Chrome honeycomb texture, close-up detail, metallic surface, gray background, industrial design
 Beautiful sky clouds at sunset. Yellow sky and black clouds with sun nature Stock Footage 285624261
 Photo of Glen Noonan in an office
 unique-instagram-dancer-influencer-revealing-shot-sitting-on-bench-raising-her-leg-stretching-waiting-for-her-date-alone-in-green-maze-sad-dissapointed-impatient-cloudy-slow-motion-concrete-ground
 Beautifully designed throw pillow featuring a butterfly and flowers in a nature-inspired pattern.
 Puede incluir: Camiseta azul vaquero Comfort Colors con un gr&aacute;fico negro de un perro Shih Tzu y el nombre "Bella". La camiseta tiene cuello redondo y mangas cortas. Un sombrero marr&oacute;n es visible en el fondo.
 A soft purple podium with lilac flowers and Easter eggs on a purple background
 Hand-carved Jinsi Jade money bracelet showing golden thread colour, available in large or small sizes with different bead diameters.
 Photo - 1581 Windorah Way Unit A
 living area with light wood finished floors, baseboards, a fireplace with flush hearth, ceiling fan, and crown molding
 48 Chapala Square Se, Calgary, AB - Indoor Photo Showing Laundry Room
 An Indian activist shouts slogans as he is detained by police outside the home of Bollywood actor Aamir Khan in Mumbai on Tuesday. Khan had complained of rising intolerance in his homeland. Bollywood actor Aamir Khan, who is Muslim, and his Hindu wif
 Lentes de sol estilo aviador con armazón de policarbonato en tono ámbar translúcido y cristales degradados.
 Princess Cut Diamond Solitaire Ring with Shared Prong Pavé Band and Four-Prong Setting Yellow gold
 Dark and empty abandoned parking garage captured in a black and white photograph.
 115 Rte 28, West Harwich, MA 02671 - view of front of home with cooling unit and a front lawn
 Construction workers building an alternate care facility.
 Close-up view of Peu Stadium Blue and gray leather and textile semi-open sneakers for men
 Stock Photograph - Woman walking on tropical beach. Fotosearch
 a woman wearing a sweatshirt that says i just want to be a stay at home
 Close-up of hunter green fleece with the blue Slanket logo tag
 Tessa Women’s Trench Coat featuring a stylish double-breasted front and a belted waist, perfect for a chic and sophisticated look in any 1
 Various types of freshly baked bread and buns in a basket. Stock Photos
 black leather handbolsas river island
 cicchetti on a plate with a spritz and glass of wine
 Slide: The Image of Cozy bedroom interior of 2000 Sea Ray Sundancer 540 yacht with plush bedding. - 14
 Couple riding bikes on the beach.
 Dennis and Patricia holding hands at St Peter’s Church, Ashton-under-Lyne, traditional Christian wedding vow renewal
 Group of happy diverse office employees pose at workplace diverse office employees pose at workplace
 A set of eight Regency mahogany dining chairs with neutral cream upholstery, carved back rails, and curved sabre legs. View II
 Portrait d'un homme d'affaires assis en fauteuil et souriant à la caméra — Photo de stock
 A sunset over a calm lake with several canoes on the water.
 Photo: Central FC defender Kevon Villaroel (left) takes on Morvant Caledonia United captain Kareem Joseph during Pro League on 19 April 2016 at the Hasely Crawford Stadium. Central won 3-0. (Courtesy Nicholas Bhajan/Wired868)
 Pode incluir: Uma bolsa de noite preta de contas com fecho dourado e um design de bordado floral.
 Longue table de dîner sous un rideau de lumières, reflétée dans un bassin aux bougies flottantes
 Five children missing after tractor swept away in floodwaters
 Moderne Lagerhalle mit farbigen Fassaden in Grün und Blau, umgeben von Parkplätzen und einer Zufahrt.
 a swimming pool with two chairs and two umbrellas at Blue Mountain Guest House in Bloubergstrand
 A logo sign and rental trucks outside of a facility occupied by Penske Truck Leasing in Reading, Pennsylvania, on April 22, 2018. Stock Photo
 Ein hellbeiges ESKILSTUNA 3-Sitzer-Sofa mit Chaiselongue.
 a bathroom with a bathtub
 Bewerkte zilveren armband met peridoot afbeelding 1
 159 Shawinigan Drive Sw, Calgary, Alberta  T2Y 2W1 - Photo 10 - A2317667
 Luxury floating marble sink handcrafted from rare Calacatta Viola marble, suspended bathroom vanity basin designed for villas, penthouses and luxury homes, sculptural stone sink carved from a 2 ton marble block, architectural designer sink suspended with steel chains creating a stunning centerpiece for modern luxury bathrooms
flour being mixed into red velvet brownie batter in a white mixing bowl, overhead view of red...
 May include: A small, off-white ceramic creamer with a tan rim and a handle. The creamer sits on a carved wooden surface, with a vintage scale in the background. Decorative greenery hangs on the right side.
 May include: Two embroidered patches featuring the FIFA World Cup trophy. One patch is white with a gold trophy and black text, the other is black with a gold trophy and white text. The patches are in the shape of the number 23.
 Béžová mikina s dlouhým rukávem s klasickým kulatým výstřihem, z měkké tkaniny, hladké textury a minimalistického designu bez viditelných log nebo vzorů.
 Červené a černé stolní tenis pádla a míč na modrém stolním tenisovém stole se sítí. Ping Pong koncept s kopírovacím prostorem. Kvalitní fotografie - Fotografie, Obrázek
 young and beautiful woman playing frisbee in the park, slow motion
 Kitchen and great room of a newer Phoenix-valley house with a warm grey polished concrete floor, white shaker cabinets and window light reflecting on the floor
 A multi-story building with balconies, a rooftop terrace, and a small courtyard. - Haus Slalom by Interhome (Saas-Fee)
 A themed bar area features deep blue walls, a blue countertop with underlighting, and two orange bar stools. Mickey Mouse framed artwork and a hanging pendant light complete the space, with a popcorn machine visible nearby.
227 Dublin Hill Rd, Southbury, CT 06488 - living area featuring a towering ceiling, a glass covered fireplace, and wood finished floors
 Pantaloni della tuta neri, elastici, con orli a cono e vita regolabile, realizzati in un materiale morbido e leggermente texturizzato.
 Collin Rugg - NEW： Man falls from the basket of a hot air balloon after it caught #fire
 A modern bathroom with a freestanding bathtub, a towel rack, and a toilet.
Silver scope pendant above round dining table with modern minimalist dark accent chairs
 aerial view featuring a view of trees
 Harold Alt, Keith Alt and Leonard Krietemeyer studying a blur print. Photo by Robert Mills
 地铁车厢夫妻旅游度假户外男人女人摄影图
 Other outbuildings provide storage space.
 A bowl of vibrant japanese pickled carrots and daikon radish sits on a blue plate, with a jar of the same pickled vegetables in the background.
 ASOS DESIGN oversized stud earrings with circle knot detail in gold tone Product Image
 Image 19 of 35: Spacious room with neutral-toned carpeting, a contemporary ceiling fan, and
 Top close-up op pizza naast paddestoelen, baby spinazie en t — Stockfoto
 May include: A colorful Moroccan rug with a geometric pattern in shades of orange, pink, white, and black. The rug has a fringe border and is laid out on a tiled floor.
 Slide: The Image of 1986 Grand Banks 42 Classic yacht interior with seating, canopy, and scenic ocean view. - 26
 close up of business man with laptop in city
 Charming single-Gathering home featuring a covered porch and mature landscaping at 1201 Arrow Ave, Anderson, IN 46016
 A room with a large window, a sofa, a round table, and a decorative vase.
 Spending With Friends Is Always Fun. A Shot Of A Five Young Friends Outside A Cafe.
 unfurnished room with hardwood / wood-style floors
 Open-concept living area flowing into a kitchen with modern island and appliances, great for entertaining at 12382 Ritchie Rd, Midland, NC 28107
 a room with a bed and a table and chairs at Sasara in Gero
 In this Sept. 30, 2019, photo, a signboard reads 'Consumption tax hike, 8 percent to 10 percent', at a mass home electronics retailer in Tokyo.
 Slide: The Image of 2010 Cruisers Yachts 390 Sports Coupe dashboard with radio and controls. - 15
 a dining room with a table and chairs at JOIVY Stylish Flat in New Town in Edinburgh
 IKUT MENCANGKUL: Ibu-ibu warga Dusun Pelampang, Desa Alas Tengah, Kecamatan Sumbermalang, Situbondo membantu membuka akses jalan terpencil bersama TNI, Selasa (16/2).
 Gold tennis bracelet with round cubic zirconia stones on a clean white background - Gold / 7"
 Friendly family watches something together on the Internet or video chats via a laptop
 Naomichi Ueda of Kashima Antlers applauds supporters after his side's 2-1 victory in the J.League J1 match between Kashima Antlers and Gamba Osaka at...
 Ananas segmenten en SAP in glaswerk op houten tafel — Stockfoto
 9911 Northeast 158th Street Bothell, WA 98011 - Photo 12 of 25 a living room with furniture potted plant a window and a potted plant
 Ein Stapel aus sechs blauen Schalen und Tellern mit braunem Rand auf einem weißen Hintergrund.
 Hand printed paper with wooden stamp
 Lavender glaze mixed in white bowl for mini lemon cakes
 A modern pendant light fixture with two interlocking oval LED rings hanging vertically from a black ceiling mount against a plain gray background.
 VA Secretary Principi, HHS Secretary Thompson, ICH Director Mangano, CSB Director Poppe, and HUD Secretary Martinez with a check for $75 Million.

* Exercise brief
Respond with one number only: how many lines of the data contain "covered".

* Response to the task
2